- _How to complete this task_
A faithful copy is needed of the lines below from the one with "Nonimmigrants vs Bhutanese" up to and including the one with "Benefits of BYU"; set it down with no pictures and no other lines.

- _The records_
******************************

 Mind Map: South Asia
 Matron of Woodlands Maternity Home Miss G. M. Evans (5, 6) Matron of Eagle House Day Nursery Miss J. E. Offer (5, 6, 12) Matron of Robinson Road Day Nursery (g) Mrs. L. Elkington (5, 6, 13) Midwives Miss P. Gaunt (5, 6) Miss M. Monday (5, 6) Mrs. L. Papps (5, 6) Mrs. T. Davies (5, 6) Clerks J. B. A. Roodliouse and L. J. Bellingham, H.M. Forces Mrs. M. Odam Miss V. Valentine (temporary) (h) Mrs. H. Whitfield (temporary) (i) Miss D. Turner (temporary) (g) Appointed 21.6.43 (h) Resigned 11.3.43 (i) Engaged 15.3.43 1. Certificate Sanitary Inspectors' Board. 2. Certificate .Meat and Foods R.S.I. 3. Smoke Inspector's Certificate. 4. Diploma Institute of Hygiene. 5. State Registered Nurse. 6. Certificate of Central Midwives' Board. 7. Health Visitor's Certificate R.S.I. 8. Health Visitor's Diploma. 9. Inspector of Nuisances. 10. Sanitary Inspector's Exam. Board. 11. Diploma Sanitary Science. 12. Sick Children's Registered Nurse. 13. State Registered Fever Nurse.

******************************

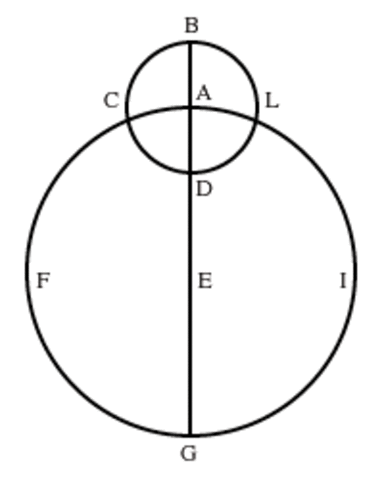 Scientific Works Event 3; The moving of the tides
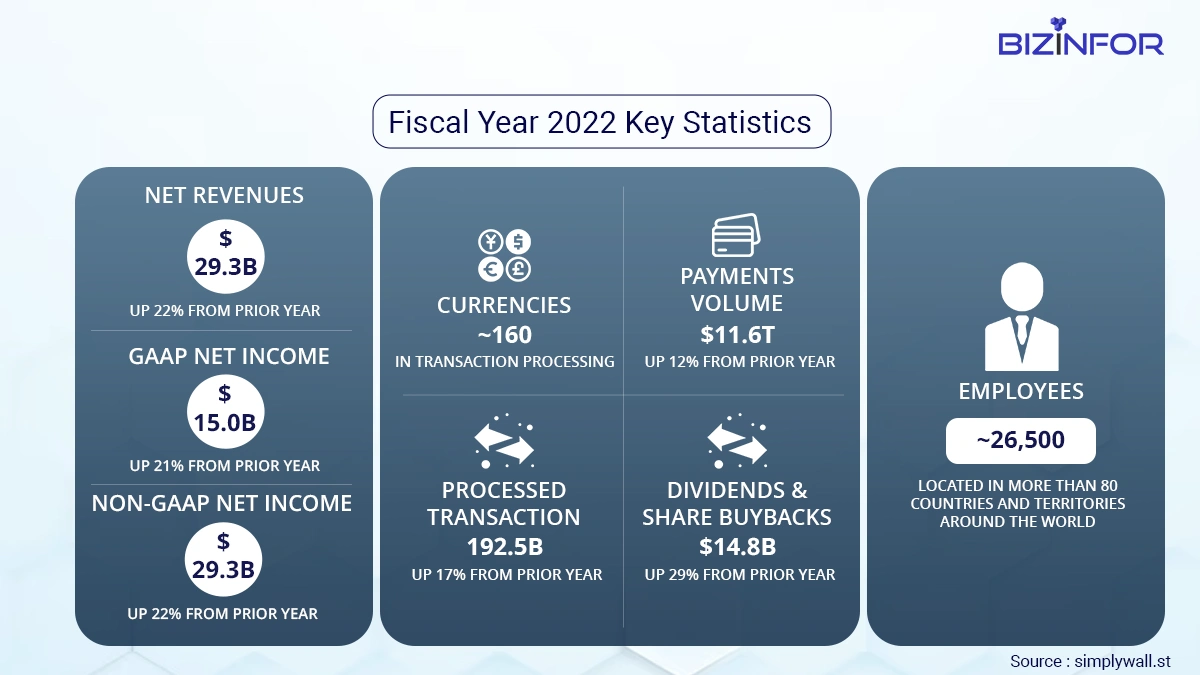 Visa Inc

******************************

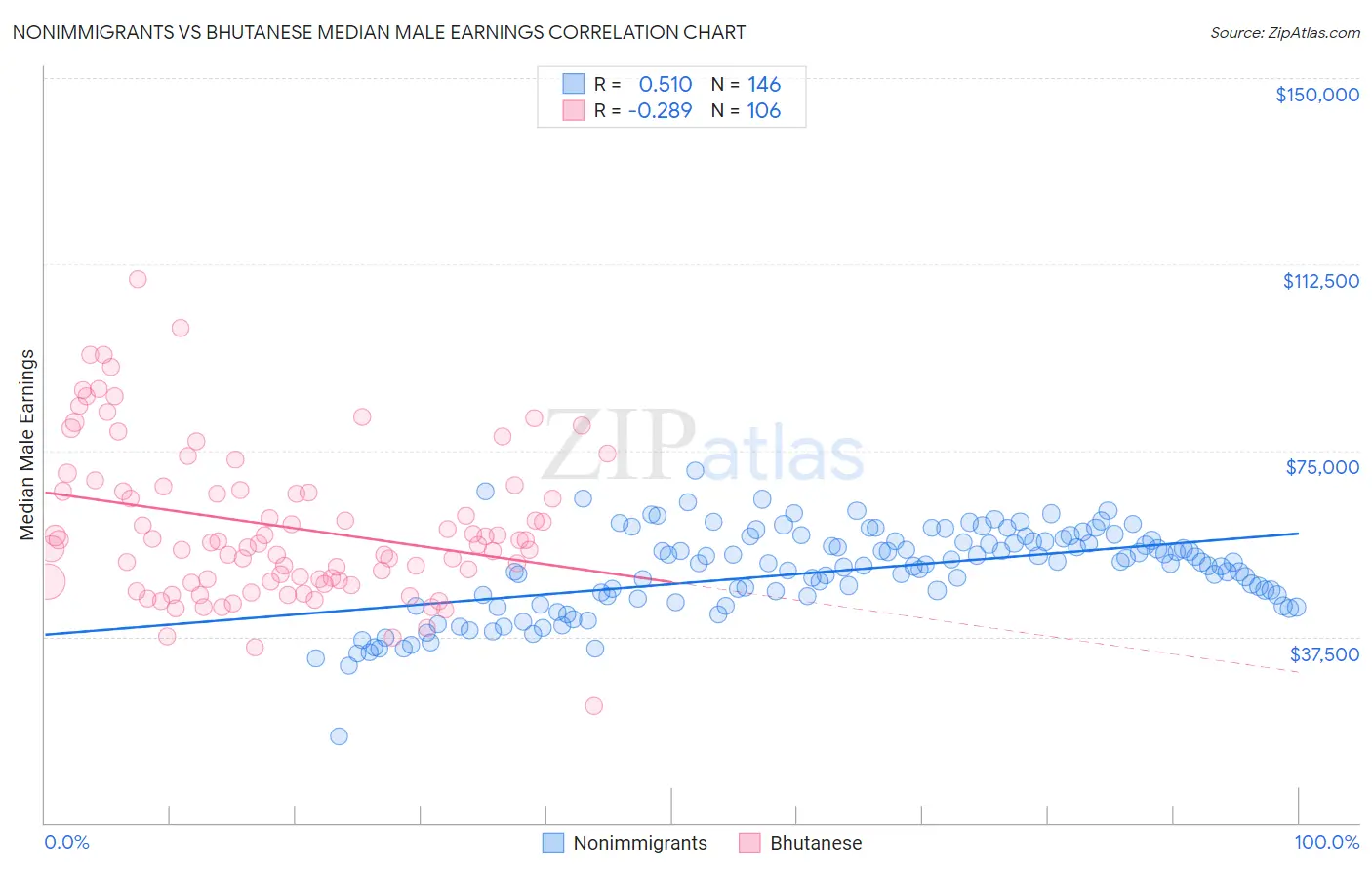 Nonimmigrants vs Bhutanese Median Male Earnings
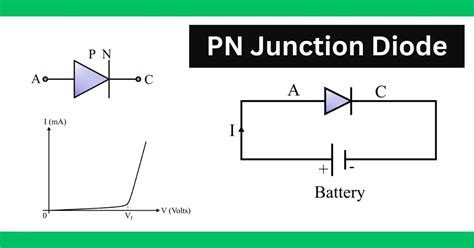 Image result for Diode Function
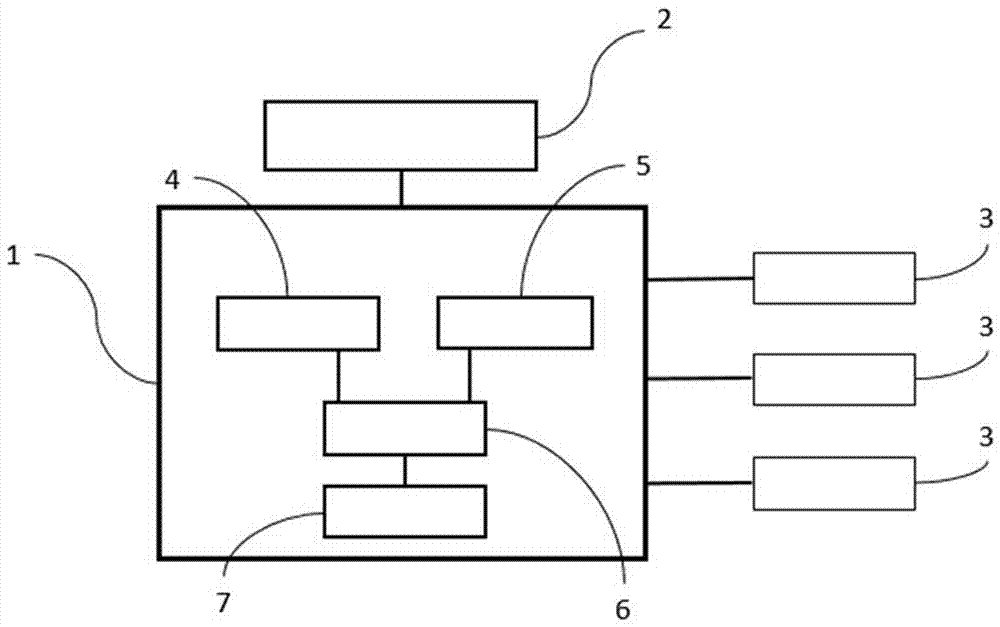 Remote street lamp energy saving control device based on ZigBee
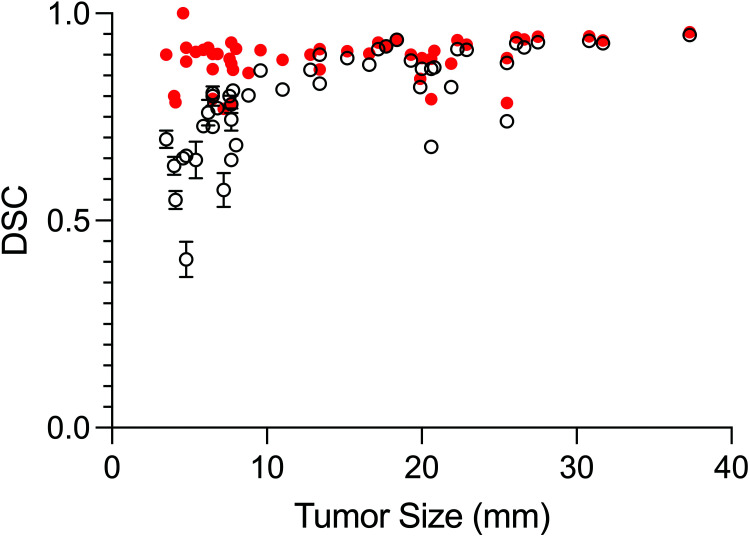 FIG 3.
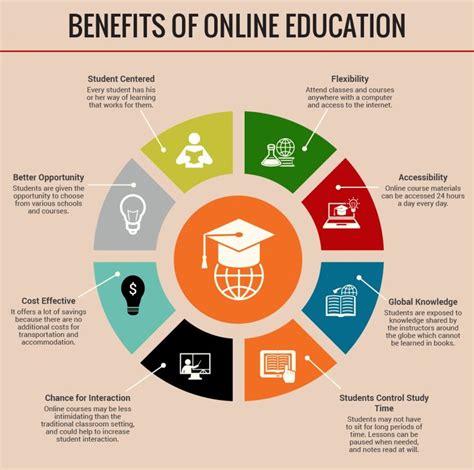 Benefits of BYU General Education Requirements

******************************

- _Written answer_
 Nonimmigrants vs Bhutanese Median Male Earnings
 Image result for Diode Function
 Remote street lamp energy saving control device based on ZigBee
 FIG 3.
 Benefits of BYU General Education Requirements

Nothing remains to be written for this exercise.